> TO DO: Restate word for word all of the lines below, with each image left out.

> INPUT DATA:
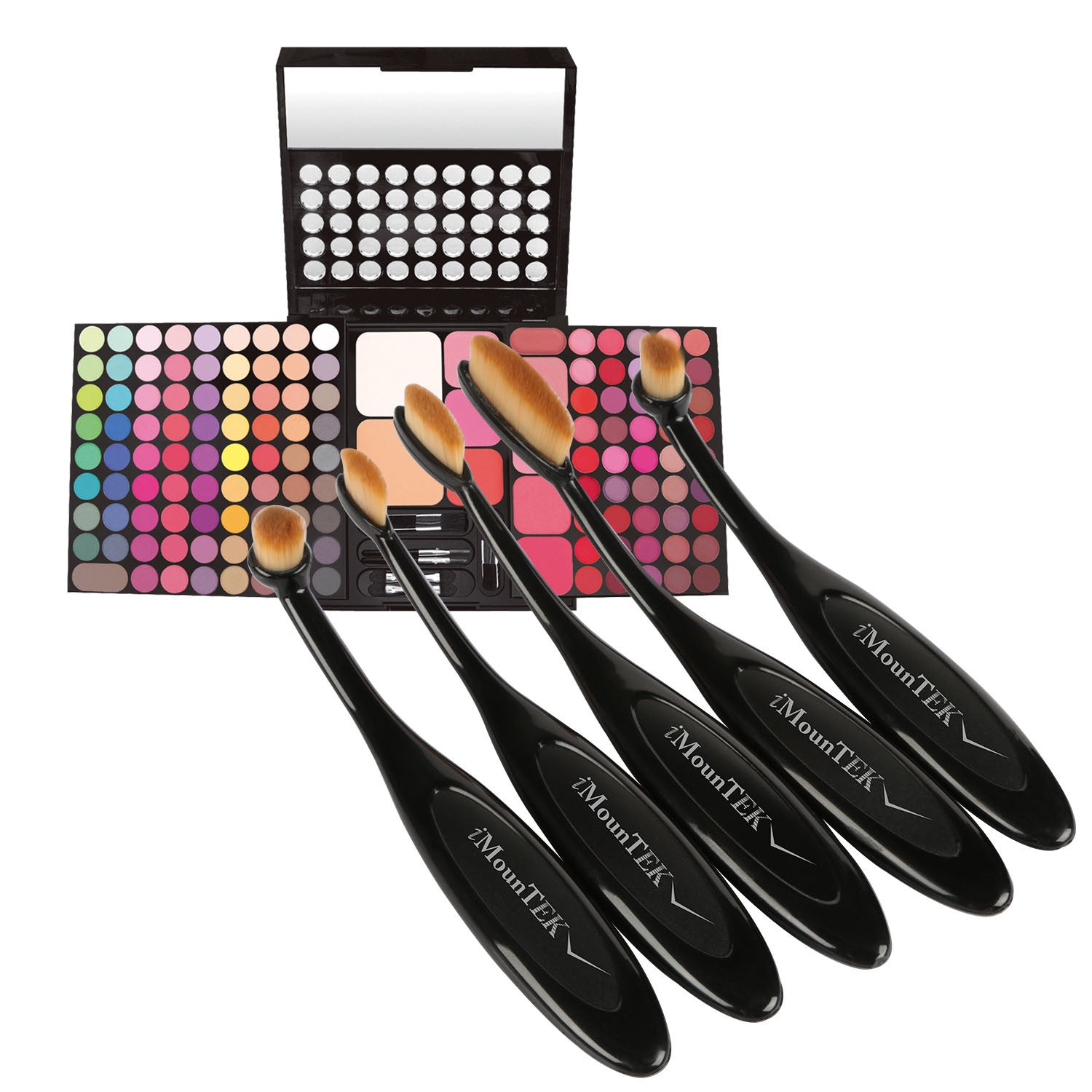 10-PCS Oval-Shaped Makeup Brush Set featuring various brush sizes and shapes for flawless makeup application.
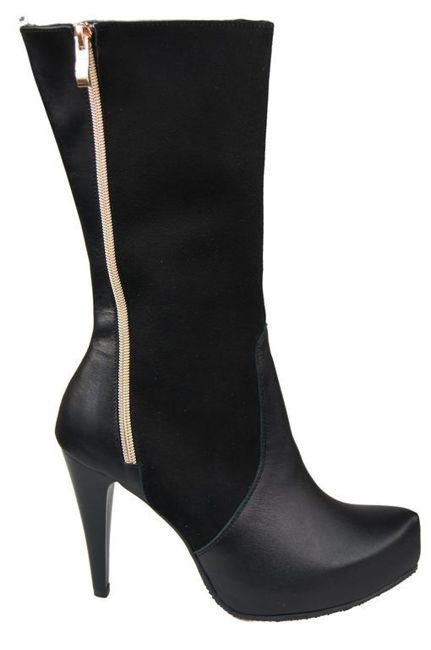 Damen-Halbstiefel, Naturleder, Schwarz 883 ElitaBut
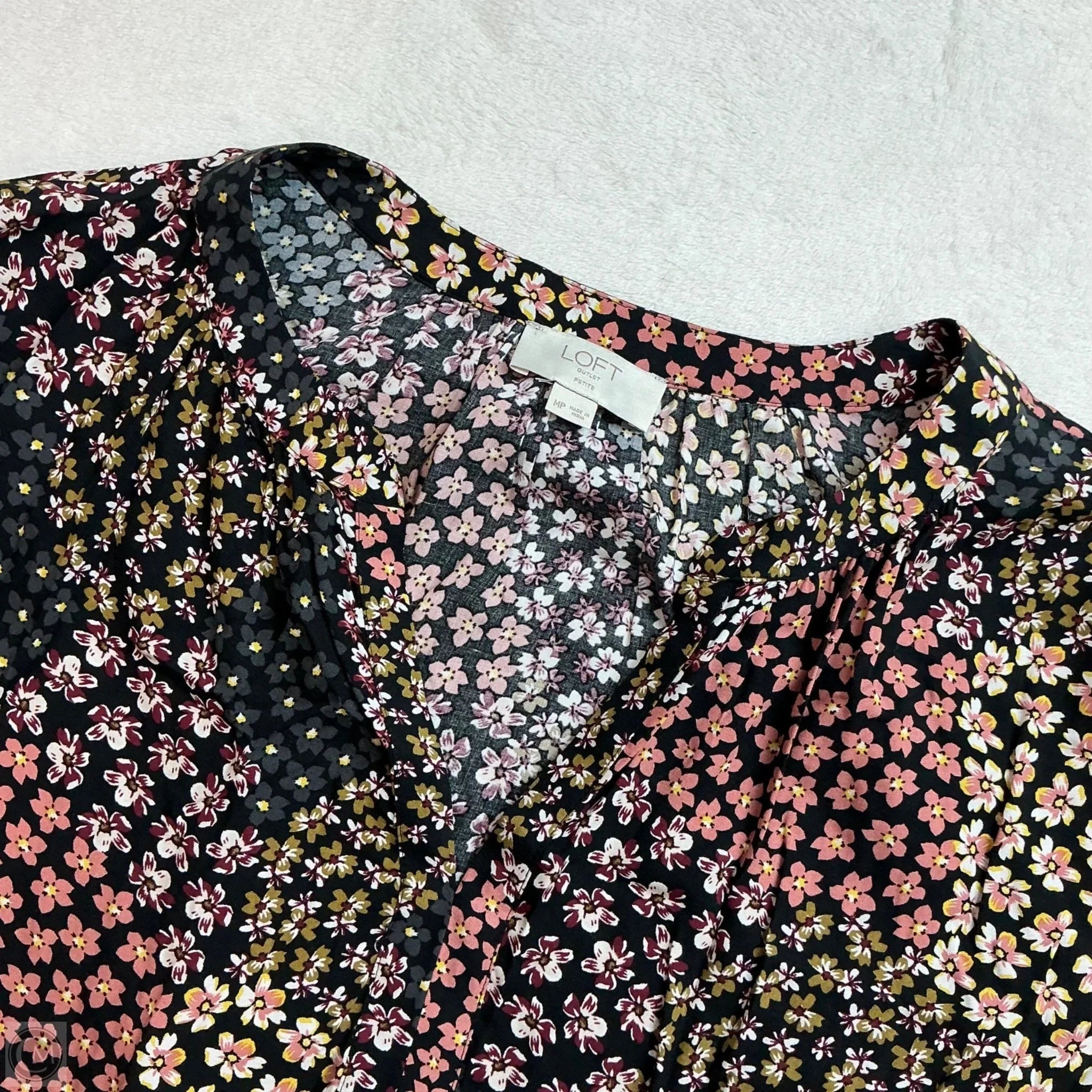 Top Long Sleeve By Loft In Floral Print, Size: Mp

> TASK SOLUTION:
 10-PCS Oval-Shaped Makeup Brush Set featuring various brush sizes and shapes for flawless makeup application.
 Damen-Halbstiefel, Naturleder, Schwarz 883 ElitaBut
 Top Long Sleeve By Loft In Floral Print, Size: Mp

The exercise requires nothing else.